WHAT THIS TASK INVOLVES
Drop every picture and copy exactly the lines from the one with "Using your inoculating" through the last line of the listing below.

DATA SEGMENT
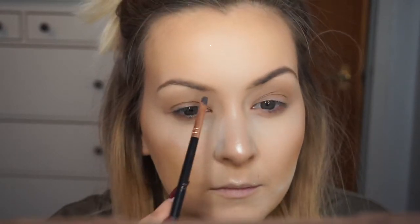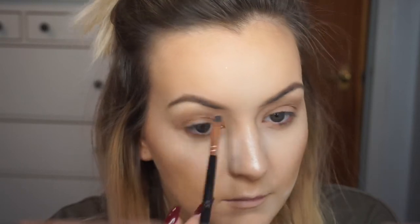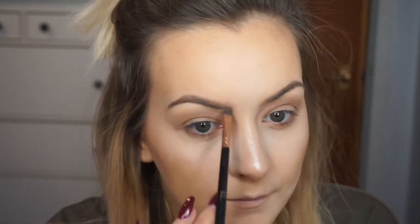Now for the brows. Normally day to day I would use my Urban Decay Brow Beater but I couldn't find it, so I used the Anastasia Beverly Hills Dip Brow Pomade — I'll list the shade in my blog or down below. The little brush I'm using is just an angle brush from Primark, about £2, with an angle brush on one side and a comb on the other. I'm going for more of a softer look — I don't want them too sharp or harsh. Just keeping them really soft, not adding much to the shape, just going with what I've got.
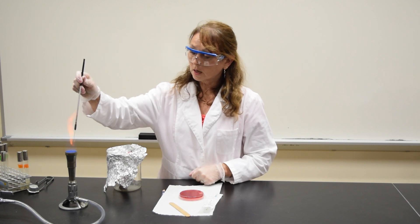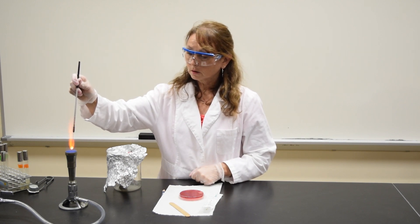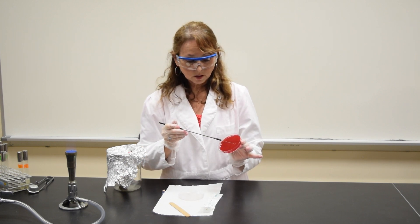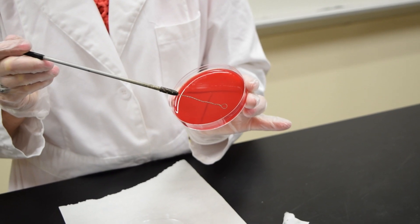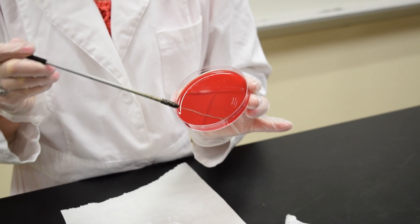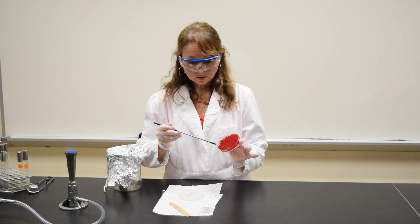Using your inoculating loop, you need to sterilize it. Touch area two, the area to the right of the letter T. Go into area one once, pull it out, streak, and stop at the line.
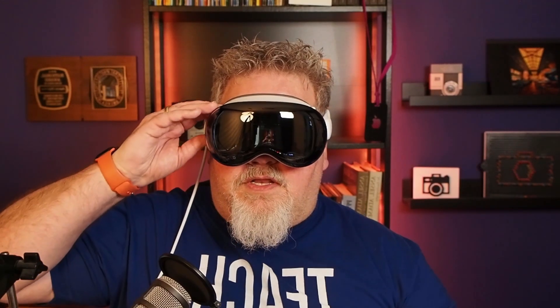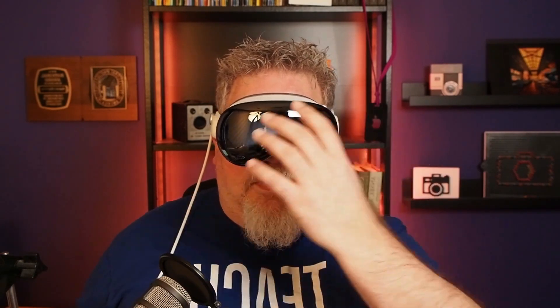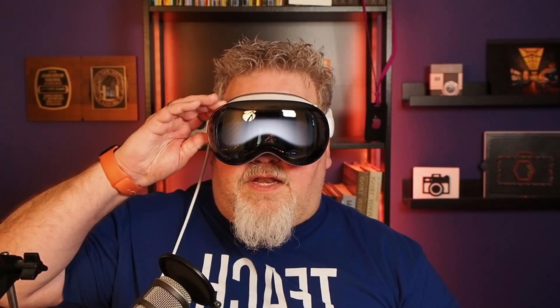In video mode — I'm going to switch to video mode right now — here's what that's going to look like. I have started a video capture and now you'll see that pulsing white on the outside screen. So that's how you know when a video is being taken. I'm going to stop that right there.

REPLY TO THE EXERCISE
Using your inoculating loop, you need to sterilize it. Touch area two, the area to the right of the letter T. Go into area one once, pull it out, streak, and stop at the line.
In video mode — I'm going to switch to video mode right now — here's what that's going to look like. I have started a video capture and now you'll see that pulsing white on the outside screen. So that's how you know when a video is being taken. I'm going to stop that right there.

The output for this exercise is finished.